Wednesday, September 18, 2013

Paying Tribute to Henry Opukaha'ia


As we walked around the tide pools and inlets to the right of Punalu'u Beach, I noticed a building set atop a nearby hill.  It looked as if a steeple rose from its roof.  I thought this strange, as the Sea Mountain Golf Club had incorporated part of that hill into its 18 hole course.  Had the Club converted an old church into a bunker?

Returning to the road, we found a path up the hill, and decided to follow it.  At the summit, we saw a sign for the chapel.  The weekly service times had been taped over.  Yet flowers decorated the graves in the chapel cemetery, and a bell still hung in the adjacent bell tower.





The left side of the building featured a plate glass window, as well as small horizontal windows that could be opened to allow air through.  The right side and the back (where the front door should have been) were open to the elements.  The backless concrete benches announced that this was a BYOC (Bring Your Own Cushion) chapel.

More flowers had been placed on the altar, along with a card with a photo and a few paragraphs about someone who had recently died.



A plaque inside the chapel commemorates Henry Opukaha'ia, who was born here in 1792.  During a period of civil war, a battle swept up the residents of Ninole, and young Henry, only around ten or twelve years old at this time, watched his parents and brother die.  Henry made his way to the west side of the Big Island, where he lived for a time with his uncle, a kahuna (or leader in the Hawaiian religion).  But he found life there not to his liking, and in 1807, hoping for something better, he swam out into Kealakekua Bay, climbed aboard a merchant ship, and convinced the captain to take him on as a cabin boy.  

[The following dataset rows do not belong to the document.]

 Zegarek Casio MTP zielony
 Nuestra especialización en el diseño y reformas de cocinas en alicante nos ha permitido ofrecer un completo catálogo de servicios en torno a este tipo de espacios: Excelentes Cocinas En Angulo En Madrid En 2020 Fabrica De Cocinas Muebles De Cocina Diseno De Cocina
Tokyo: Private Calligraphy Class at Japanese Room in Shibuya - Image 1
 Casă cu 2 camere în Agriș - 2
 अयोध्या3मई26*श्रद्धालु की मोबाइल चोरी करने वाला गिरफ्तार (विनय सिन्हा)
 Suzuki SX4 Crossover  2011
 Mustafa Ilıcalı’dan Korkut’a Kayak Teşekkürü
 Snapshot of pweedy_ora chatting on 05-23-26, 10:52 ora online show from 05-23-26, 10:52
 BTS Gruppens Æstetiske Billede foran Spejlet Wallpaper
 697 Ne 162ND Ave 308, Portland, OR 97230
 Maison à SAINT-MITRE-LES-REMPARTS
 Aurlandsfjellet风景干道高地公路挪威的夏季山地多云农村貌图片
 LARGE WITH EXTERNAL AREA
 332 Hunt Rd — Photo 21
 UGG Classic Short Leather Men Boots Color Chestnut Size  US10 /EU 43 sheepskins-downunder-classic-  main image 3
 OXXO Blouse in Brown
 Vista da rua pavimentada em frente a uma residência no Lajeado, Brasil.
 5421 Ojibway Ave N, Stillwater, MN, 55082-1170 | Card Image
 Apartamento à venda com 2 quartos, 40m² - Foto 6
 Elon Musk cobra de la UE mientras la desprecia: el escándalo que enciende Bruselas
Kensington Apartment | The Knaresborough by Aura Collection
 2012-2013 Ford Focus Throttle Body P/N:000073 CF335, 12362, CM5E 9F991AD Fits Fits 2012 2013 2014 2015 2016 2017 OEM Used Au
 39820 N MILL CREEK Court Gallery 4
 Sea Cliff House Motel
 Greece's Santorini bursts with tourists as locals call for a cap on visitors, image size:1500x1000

Two years later, Henry ended up at the captain's home in New Haven, Connecticut.  Wishing to learn to read and write, he applied to Yale, but was denied admission.  A student named Edwin took pity on him, and used his connections to help Henry out.  The young Hawaiian went to live for awhile with a relation of Edwin's, who also happened to be the president of Yale.  Then he was taken in by a preacher.  He served in the U. S. Marine Corps. during the War of 1812.  Then he returned to Connecticut, where in 1817, at the age of 25, he was finally accepted as a student at a foreign mission school.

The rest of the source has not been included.